Without a central controller, each sense, auditory, tactile, etc. may have its own SSE system, but when the brain came about, its top region, called tectum (roof in Latin), started coordinating overt attention and focusing all senses on the same spot when needed.  All vertebrates (fish, reptiles, birds, and mammals) have a tectum while invertebrate don’t, so we know it evolved after their divergence 520 million years ago, during the Cambrian Explosion.

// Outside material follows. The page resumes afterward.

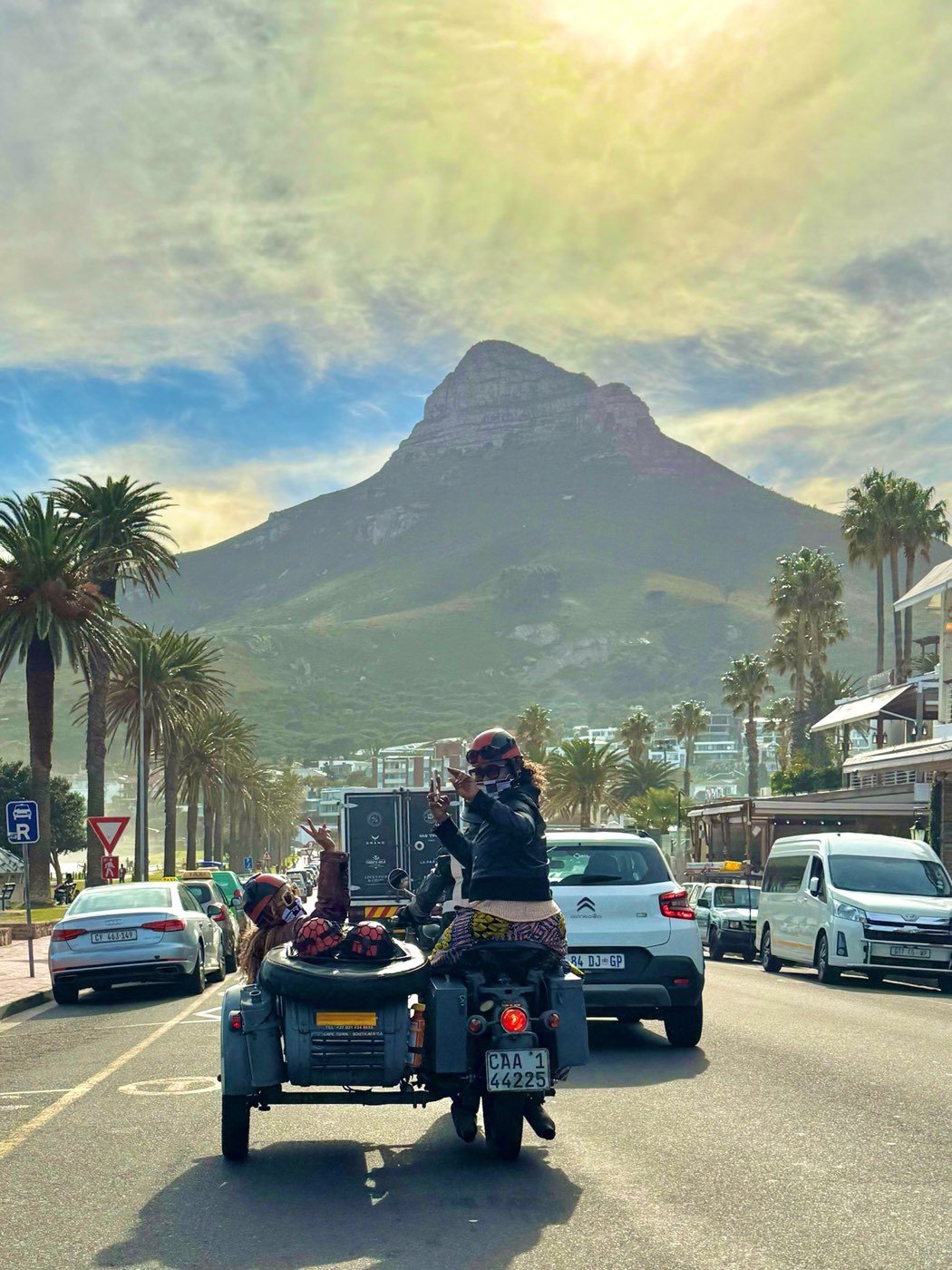 A lively Cape Town road experience with Lion's Head in view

With the tectum came the first internal model, a simulation that keeps track of what is being controlled and compares the result with the desired goal.  For instance, if you move your eyes to the right, the model knows how the visual world should shift across your retinas to the left.  The tectum is the most advanced part of a fish or amphibian’s brain.

Around 350 to 300 million years ago, a new life form began to emerge – reptiles, and with it a new brain structure – the wulst. Birds inherited it, and in mammals, it evolved to become the cerebral cortex, by far the largest structure in the human brain.  While we still have a tectum for quick, instinctive reactions, the cortex can coordinate responses in a multiplicity of ways, taking the whole context into account.  It can also focus attention on a spot that is behind us, or even on a thought or memory.

Unlike the tectum, which only models concrete objects like eyes and ears, the cortex must thus model something much more abstract. According to the AST, this involves constructing an attention schema—a constantly updated set of information that describes what attention is doing moment-by-moment.

Of course this model isn’t immaterial. It has a physical basis which lies in the microscopic details of neurons, synapses, and signals. But the brain has no need to know those details. The attention schema focuses on the essential, the model itself. It represent attention in a delocalized way, as a non-physical essence. According to the theory, this is the origin of consciousness.